Puede que en Firewatch siempre estemos solos, pero nunca nos sentimos solos. Incluso caminar por el bosque hacia nuestro próximo objetivo se siente más como un paseo agradable del que disfrutar que como una transición anodina. Es casi el momento en el que el jugador llega a conectar más con el título, porque no es un páramo que parezca muerto solo porque no esté lleno de puntos de interés como otros juegos, sino un acompañante más.

Y he dicho “casi”, porque cuando consigues meterte más en el juego es al conversar con Delilah; al elegir cada respuesta tonta en una conversación banal pero que rebosa vida propia. Rápidamente se convierte en un hábito el ir caminando por el bosque y hablando con ella de todo lo que se nos ocurra, una cotidianeidad a la que siempre queremos volver porque nos hace sentir bien. Son los típicos momentos que años más tarde recordaríamos con cariño de todas las que cosas que hemos vivido en este verano.
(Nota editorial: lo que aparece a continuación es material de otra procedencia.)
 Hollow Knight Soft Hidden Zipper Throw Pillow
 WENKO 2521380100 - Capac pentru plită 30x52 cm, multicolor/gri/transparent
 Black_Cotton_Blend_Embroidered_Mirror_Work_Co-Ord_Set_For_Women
Las pequeñas respuestas que escogemos al conversar con Delilah tienen un asombroso valor narrativo

La trama no tarda en ir de la calma que nos da el ver pasar los días tranquilamente a la tensión y al misterio, aunque ese no sea el eje central de Firewatch. Es un título que trata sobre los lazos, los que nos unen a un pasado que queremos dejar a un lado, a aquellas personas con las que por alguna razón nos sentimos más vivos que con el resto, y en última instancia, los lazos que nos unen con nosotros mismos. Y es por eso que el juego de Campo Santo termina siendo algo agridulce para algunos; esperando un clímax que no llega, porque en el fondo nunca tenía por qué hacerlo. Las cosas simplemente pasan sin tener por qué llegar a una conclusión definitiva que nos deje satisfechos, como la vida misma. Y por más que nos empeñemos en dejarlo atrás, al final siempre quedará un melancólico recuerdo.
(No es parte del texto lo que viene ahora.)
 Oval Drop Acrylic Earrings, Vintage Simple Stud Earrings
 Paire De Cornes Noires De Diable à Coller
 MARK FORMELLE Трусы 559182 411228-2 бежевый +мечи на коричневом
Y precisamente esa melancolía está siempre presente en sus atardeceres de tonos anaranjados. | Campo Santo

Una melancolía que siempre está presente, tal y como reflejan sus habituales atardeceres de tonos anaranjados. | Campo Santo

Me encanta que exista Firewatch ahora mismo. Si hubiera salido hace unos, pongamos siete años, me apuesto lo que sea a que no sería ni remotamente parecido a lo que es ahora. Quién sabe, probablemente se habría enfocado en ser un videojuego de desafío y no narrativo, con puzles que cumplan con ese interés lúdico que se presuponía que todos los juegos debían tener, para que esa historia que nos quieran contar no se hubiera quedado en una suerte de “película interactiva”, que hubieran llamado algunos. Tal vez hasta se hubiera alargado más de la cuenta, con numerosos puentes rotos que nos hubieran hecho dar rodeos absurdos sin ningún propósito más allá del de tenernos más rato jugando y justificar su precio con las horas que dura. Afortunadamente, y gracias a muchos otros títulos precedentes a este, hoy en día se tiene un concepto bastante más libre de cómo debe ser un buen juego. Uno alejado de la convencionalidad clásica.
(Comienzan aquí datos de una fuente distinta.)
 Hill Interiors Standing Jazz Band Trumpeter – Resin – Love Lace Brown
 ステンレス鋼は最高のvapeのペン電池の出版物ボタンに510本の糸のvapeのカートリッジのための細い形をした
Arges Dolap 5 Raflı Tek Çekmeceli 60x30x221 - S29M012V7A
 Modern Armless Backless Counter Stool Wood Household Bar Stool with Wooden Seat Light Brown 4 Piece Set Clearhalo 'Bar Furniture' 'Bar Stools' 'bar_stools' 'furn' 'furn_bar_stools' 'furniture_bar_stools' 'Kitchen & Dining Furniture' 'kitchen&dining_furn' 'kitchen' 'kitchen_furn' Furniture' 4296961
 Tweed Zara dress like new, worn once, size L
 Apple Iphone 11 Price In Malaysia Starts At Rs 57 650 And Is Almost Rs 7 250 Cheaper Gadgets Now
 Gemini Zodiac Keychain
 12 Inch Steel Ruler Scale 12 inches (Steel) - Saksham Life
Firewatch es lo que Firewatch quiere ser, y me atrevo a decir que dentro de unos años, cuando repase aquellos títulos que fueron seña de la evolución y madurez del medio, este se encontrará sin duda entre ellos. Desmiente por completo aquello de que un videojuego no puede ser divertido si no ofrece un reto, o el de que si presenta una historia en la que tomamos decisiones, estas tienen que tener unas consecuencias notorias al final; pues nada de esto le hace falta para contarnos lo que nos quiere contar ni para hacernos sentir lo que quiere hacernos sentir. Pero sobre todo, lo que rebosa es naturalidad. Es un juego increíblemente real y humano, sin ninguno de los artificios o la espectacularidad con la que se suelen llenar los videojuegos. Es maduro, sabe bien lo que hace y no le hace falta nada más.

Como decía al principio, Firewatch es como el puesto de vigilancia de Henry: tiene buenas vistas, es pequeño, no tiene nada más que lo necesario, y nos permite depositar en él un pequeño trozo de nosotros. Un trozo que, al menos en mi caso, cuando tenga que seguir adelante con mi vida, voy a echar de menos por el tiempo que pasé aquí.